═══ Record extracts

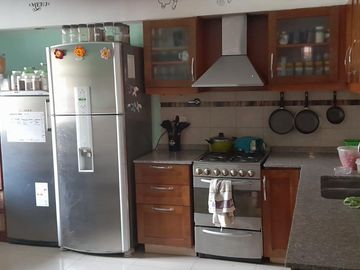 Casa en venta - 3 Dormitorios 2 Baños - Cochera - 260Mts2 - Merlo Oeste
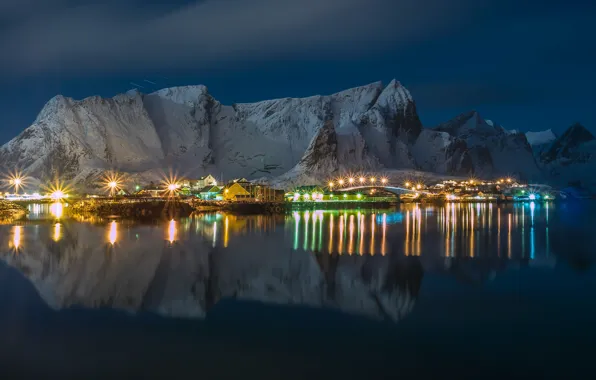 Картинка зима, небо, вода, снег, горы, ночь, огни, отражение, скалы, дома, Норвегия, фонари, залив, Лофотен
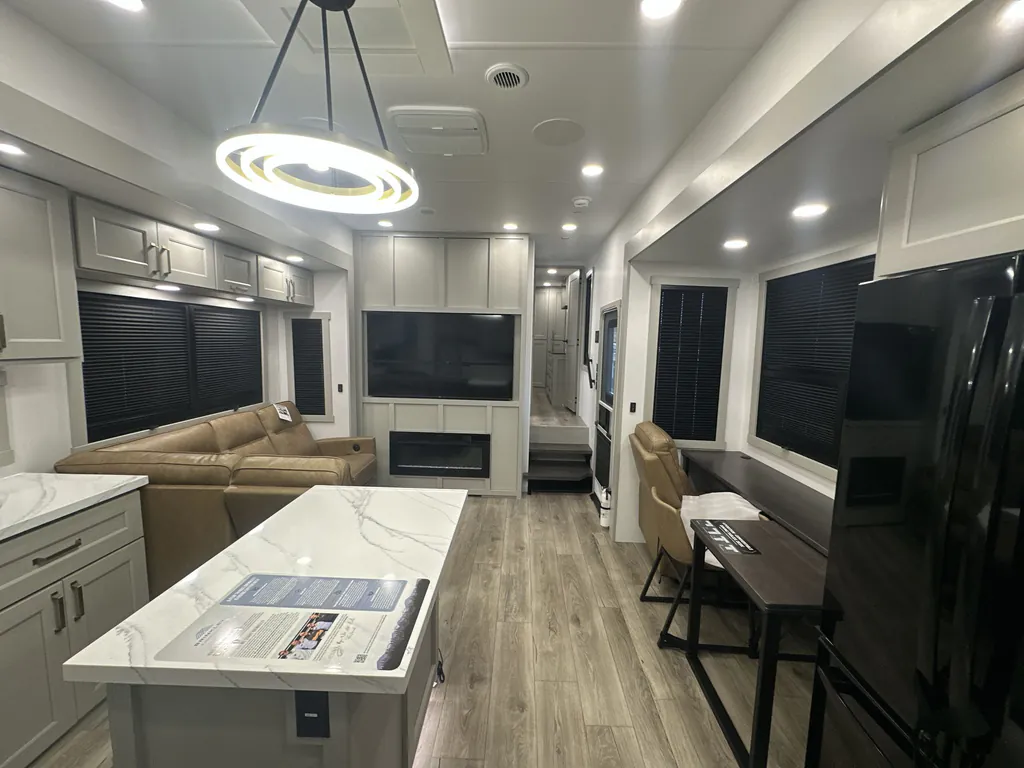 2026 Brinkley Model G 3950, Photos photo 5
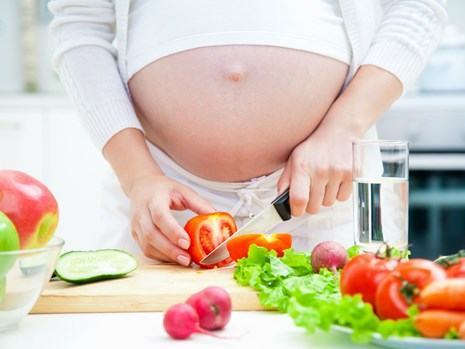 Thai phụ ăn nhiều trái cây giúp con thông minh hơn - ảnh 1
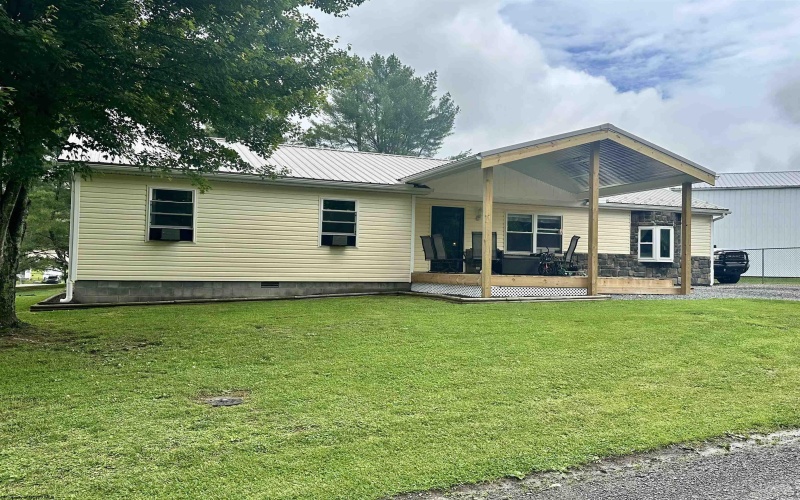 339 Oak Street, Jane Lew, West Virginia 26378, 3 Bedrooms Bedrooms, 7 Rooms Rooms,2 BathroomsBathrooms,Single Family Detached,For Sale,Oak,10165020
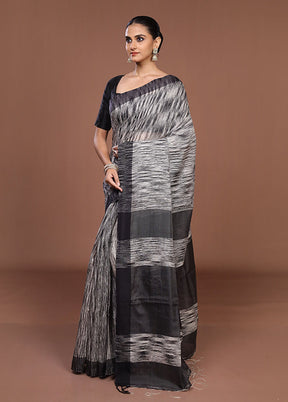 White Matka Silk Saree With Blouse Piece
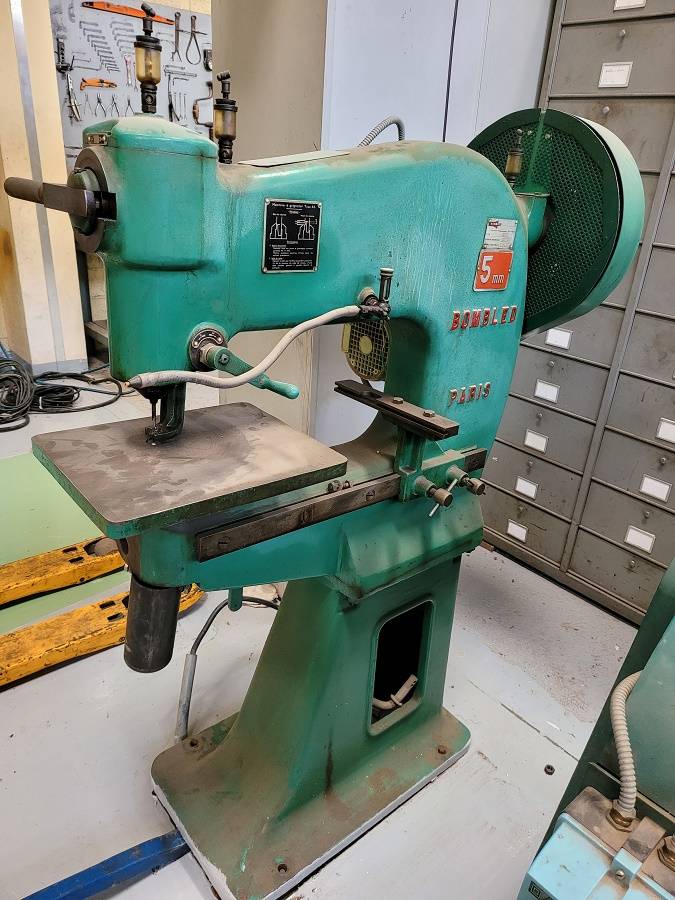 Grignoteuse BOMBLED 45D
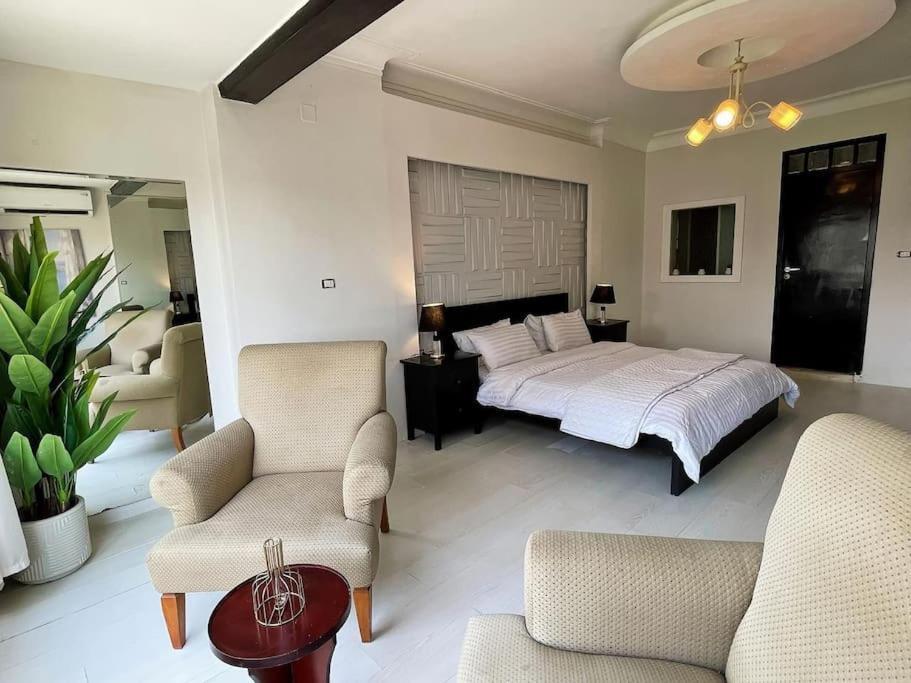 Nile Front Zamalek Abu El Feda 3br Apartment *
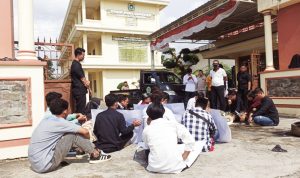 Dinilai Janggal, Mahasiwa Protes Pelaksanaan UPPL STKIP PGRI Sumenep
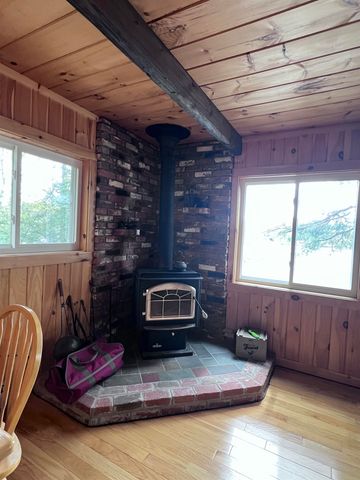 27 Hummingbird Lane, Hillsborough, NH 03244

══════

● About this task
Set every entry down again exactly as written, and omit the images.

● Response below
 Casa en venta - 3 Dormitorios 2 Baños - Cochera - 260Mts2 - Merlo Oeste
 Картинка зима, небо, вода, снег, горы, ночь, огни, отражение, скалы, дома, Норвегия, фонари, залив, Лофотен
 2026 Brinkley Model G 3950, Photos photo 5
 Thai phụ ăn nhiều trái cây giúp con thông minh hơn - ảnh 1
 339 Oak Street, Jane Lew, West Virginia 26378, 3 Bedrooms Bedrooms, 7 Rooms Rooms,2 BathroomsBathrooms,Single Family Detached,For Sale,Oak,10165020
 White Matka Silk Saree With Blouse Piece
 Grignoteuse BOMBLED 45D
 Nile Front Zamalek Abu El Feda 3br Apartment *
 Dinilai Janggal, Mahasiwa Protes Pelaksanaan UPPL STKIP PGRI Sumenep
 27 Hummingbird Lane, Hillsborough, NH 03244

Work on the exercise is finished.